The West Highland Museum in Fort William celebrates its centenary in 2022. The museum hopes to stage a three-month exhibition of royal portraiture and has been offered exclusive access to a private collection of paintings owned by the Pininski Foundation, Liechtenstein. The proposed exhibition will include thirteen paintings of four generations of the Royal House of Stuart, including James VIII (the Old Pretender) and his wife Princess Clementina Sobieska, through to Prince Charles Edward Stuart, better known as Bonnie Prince Charlie, and his daughter, Charlotte the Duchess of Albany. The series of painting ends with Charlotte’s daughter Princess Marie Victorie de Rohan. These paintings illustrate the actual family which inspired Jacobites to risk so much to pursue this ‘affair of the heart’.
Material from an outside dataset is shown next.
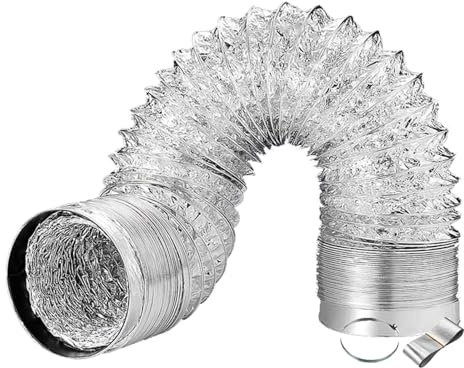 Abluftschlauch aus Aluminium mit Stahlspirale, Flexibel Lüftungsschlauch, Alu Flexrohr, Wärmeisolierung Belüftungsschlauch, für Klimaanlage, Wäschetrockner, Dunstabzug, Leicht Anzubringen(3.0m,200mm)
In order to finance this important exhibition, the West Highland Museum team has embarked on an ambitious crowdfunding campaign. The campaign launches on Wednesday 13 October at midday on Art Fund’s Art Happens crowdfunding platform and runs until Monday 15 November.
Museum Director, Chris Robinson said “We need to raise £25,000 to cover the cost of delivering this exciting exhibition to the public in 2022. We need your help in raising funds to make this happen and bring Bonnie Prince Charlie and the exiled Stuarts back to Scotland. It will likely be the last time these iconic portraits will be displayed in the United Kingdom as they may soon be on permanent display at a European museum.”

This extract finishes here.